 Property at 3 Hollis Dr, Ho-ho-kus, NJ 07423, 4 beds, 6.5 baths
####################
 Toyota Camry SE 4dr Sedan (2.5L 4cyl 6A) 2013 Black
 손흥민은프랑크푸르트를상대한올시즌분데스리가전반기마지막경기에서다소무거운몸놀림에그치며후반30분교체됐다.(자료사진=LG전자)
####################
WORK REQUIRED: Using the entries above, give again exactly the lines from the line holding "Toyota Camry SE" through the line holding "손흥민은프랑크푸르트를상대한". Include both end lines and nothing else.

ANSWER AREA:
 Toyota Camry SE 4dr Sedan (2.5L 4cyl 6A) 2013 Black
 손흥민은프랑크푸르트를상대한올시즌분데스리가전반기마지막경기에서다소무거운몸놀림에그치며후반30분교체됐다.(자료사진=LG전자)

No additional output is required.